Introduction Dirty data problems: Missing values, data manipulation, duplicates, forms of
data dates, outliers, spelling
Missing Values in R:
is.na() Function for Finding Missing values:
A logical vector is returned by this function that indicates all the NA values present. It returns a
Boolean value. If NA is present in a vector it returns TRUE else FALSE.
example:
x<- c(NA, 3, 4, NA, NA, NA)
is.na(x)
output:
[1] TRUE FALSE FALSE TRUE TRUE TRUE
is.nan() Function for Finding Missing values:
A logical vector is returned by this function that indicates all the NaN values present. It returns a
Boolean value.
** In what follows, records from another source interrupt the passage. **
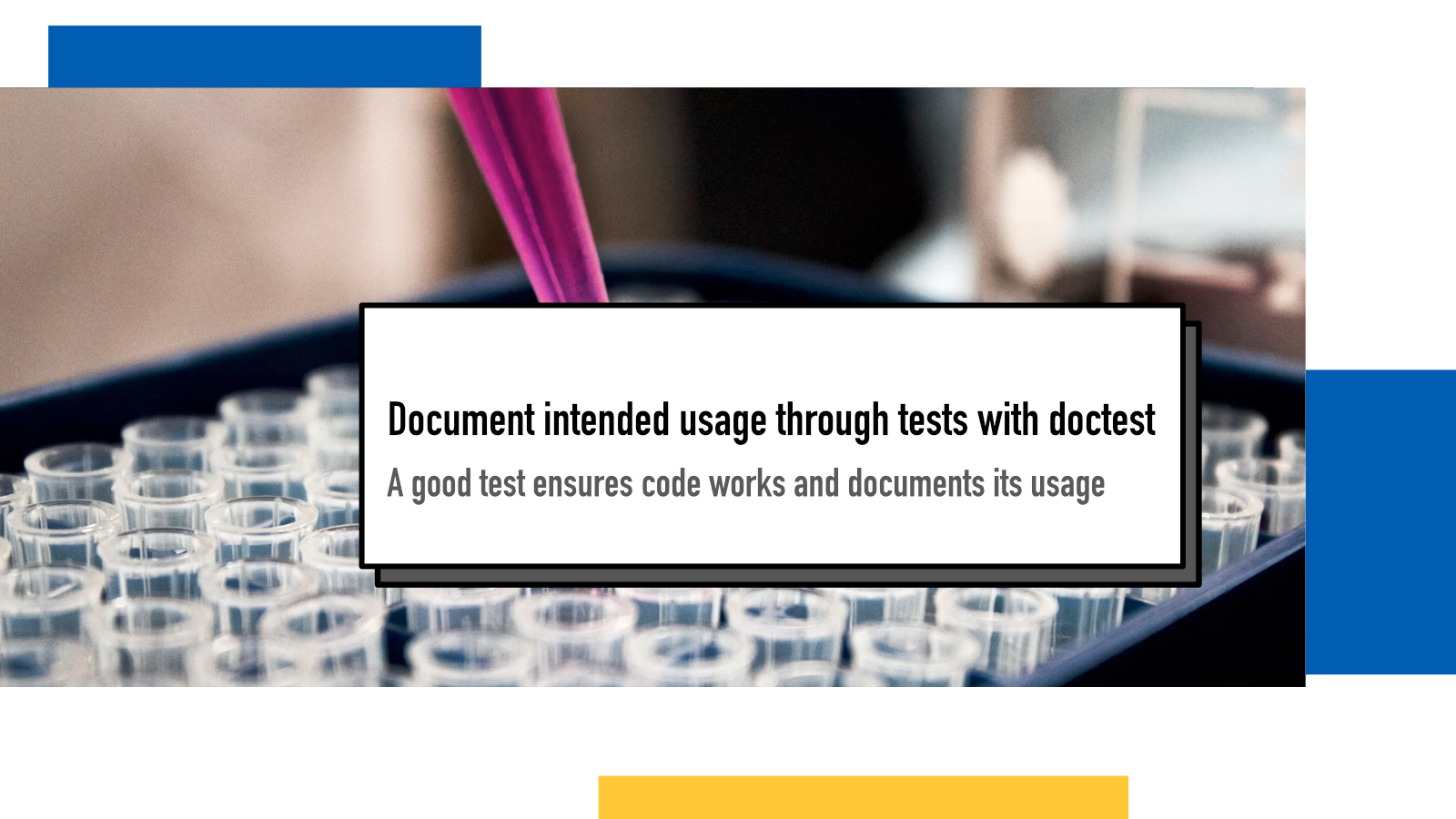 Document intended usage through tests with doctest : Juha-Matti Santala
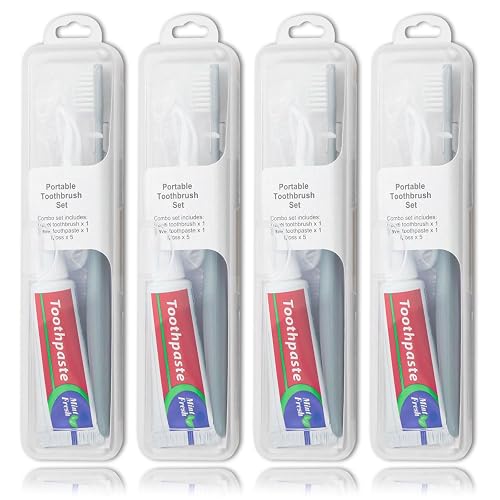 Lilingsty Toothbrush Travel kit, Portable Toothbrush kit (4-Pack) | Comes with travel toothbrushes, 25g travel toothpaste, 5 floss picks, travel toothbrush holder, suitable for travel, hotels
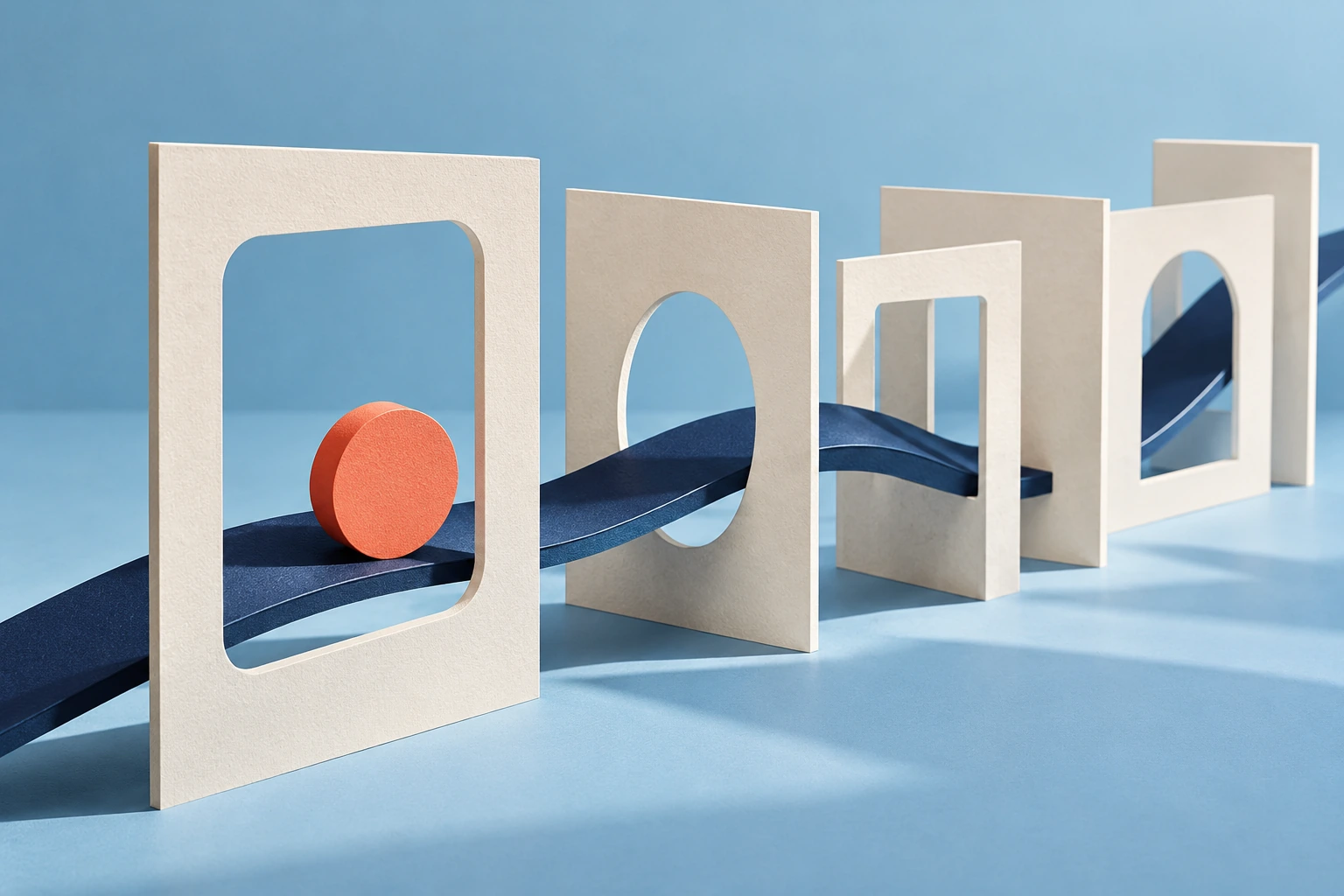 Coral disc and navy paper track passing through layered browser-like frames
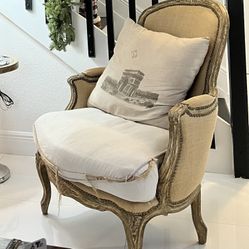 (2) French-Inspired Wingback Chairs with Charming Carved Details and Shabby Chic Appeal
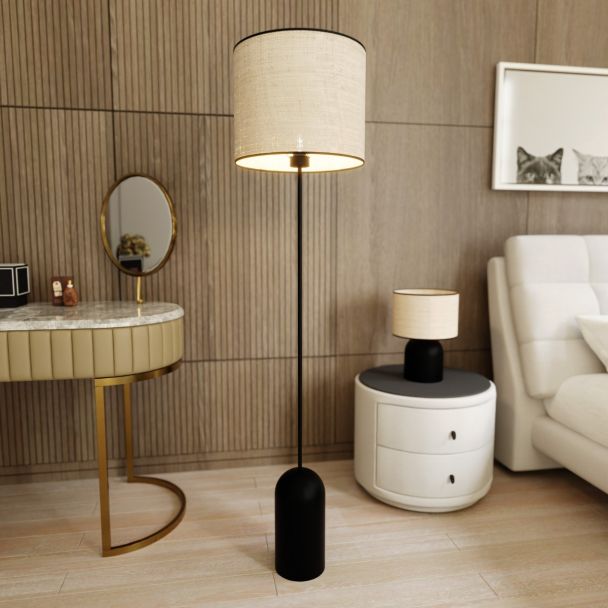 EMIBIG 1324/LP1 LAMPA PODŁOGOWA ASPEN LP1 BLACK/RATTAN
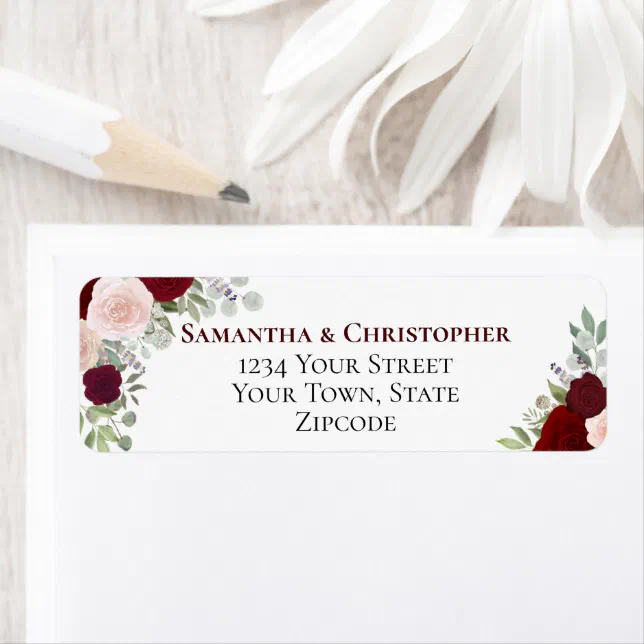 Elegant Burgundy Floral Wedding Return Address Label | Zazzle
If NaN is present in a vector it returns TRUE else FALSE.
example:
x<- c(NA, 3, 4, NA, NA, 0 / 0, 0 / 0)
is.nan(x)
output:
[1] FALSE FALSE FALSE FALSE FALSE TRUE TRUE
DUPLICATE VALUES IN R:
1.duplicated():
The R function duplicated() returns a logical vector where TRUE specifies which elements of a
vector or data frame are duplicates.
example:
x <- c(1, 1, 4, 5, 4, 6)
duplicated(x)
output:
[1] FALSE TRUE FALSE FALSE TRUE FALSE
Extract duplicate elements:
x <- c(1, 1, 4, 5, 4, 6)
x[duplicated(x)]
[1] 1 4
REMOVING DUPLICATES IN R:
If you want to remove duplicated elements, use !duplicated(), where ! is a logical negation:
EXAMPLE:
x <- c(1, 1, 4, 5, 4, 6)
x[!duplicated(x)]
OUTPUT:
[1] 1 4 5 6
forms of DATA DATES IN R:
1) Sys.Date():
In R programming, if you use Sys.Date() function, it will give you the system date.
syntax:
Sys.Date()
output:
[1] "2022-04-20"
2)Sys.timezone() :
a function named Sys.timezone() that allows us to get the timezone based on the location at which
the user is running the code on the system.
syntax:
Sys.timezone()
output:
[1] "Asia/Calcutta"
3)Sys.time() :
we have the Sys.time() function. Which, if used, will return the current date as well as the time of
the system with the timezone details.
syntax:
Sys.time()
output:
[1] "2022-04-20 11:02:56 IST"
4) as.date():
as.Date() function allows us to create a date value (without time) in R programming. It allows the
various input formats of the date value as well through the format = argument.
example:
mydate<-as.date("2014-04-30")
mydate
ouptut:
[1] "2014-04-30"